Category Archives: Funds

Moody’s still negative on outlook for Reits

PROSPECTS for real estate investment trusts (Reits) in Singapore remain challenging as there will be a greater supply of office, industrial and retail space coming onstream, said Moody’s Investors Service yesterday.

The rating agency kept its outlook for the sector over the next 12 months negative. This places it at the bearish end of the scale compared with two other research houses – DMG & Partners has a ‘neutral’ rating on Reits and OCBC Investment Research recently upped its call to ‘overweight’.

Moody’s was particularly concerned about the influx of office, industrial and downtown retail space at a time of unexceptional economic growth. Its sovereign unit estimates that Singapore’s GDP will expand by around 5 per cent this year.

‘This is below the average GDP growth of 8 per cent from 2004 to 2007 and will not be adequate to absorb the strong increase in supply of commercial properties that was planned before 2008, based upon the then much higher economic growth rate,’ it said in a report.

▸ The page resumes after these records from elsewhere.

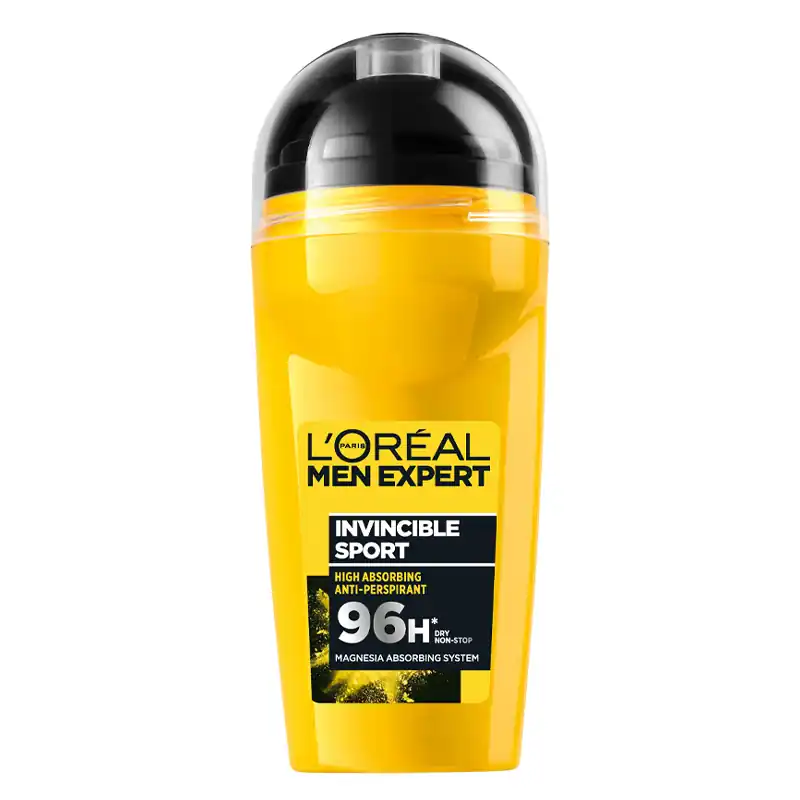 LOreal رول ضد تعریق مردانه ۹۶ ساعته لورآل مدل INVINCIBLE SPORT حجم ۵۰ میلی لیتر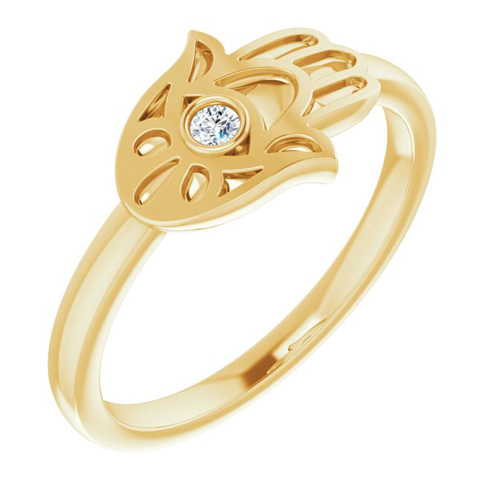 14k Yellow Gold .03 ct tw Diamond Hamsa Ring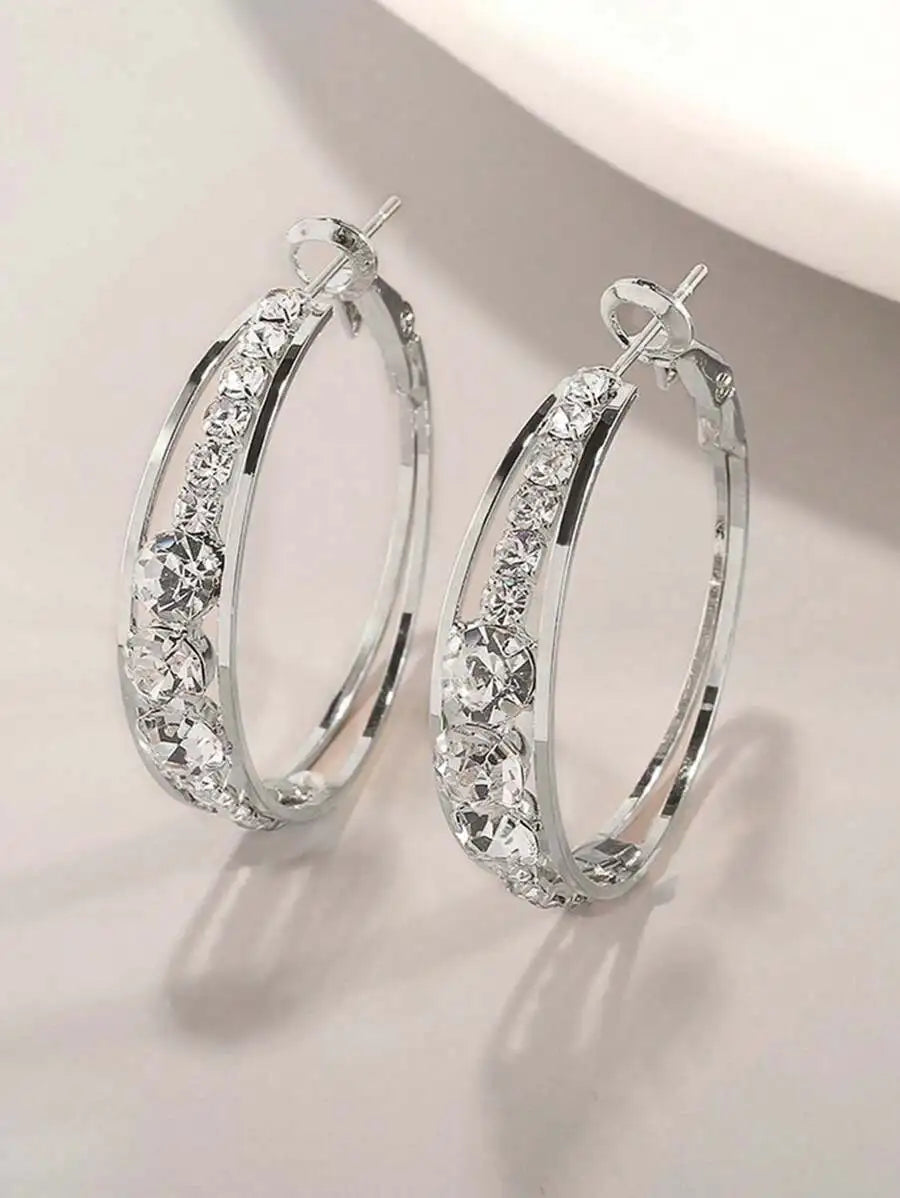 Luxury Cubic Zirconia Hoop Earrings For Women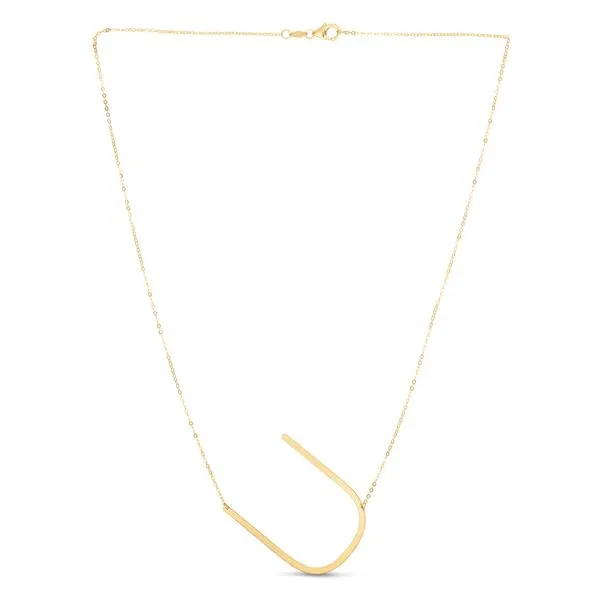 14K Gold Large Initial U Necklace Tennies Jewelry Appleton, WI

According to Moody’s, around 6.6 million square foot of new office space will enter the market between this year and 2012. While landlords have managed to secure tenants for more than 30 per cent of the new supply, there will still be pressure on occupancy and rents over the medium term, it said.

When it came to the retail sector, Moody’s was more worried about rents at Orchard Road. This is because about 3.7 million sq ft of new space will be ready in the next two years, some of it at the two integrated resorts.

Moody’s acknowledged that most Reits have been rather resilient and have turned in stable results. But ‘pressure on earnings may increase in 2011 when new supply comes on stream across all property segments if demand is not increased’, it said.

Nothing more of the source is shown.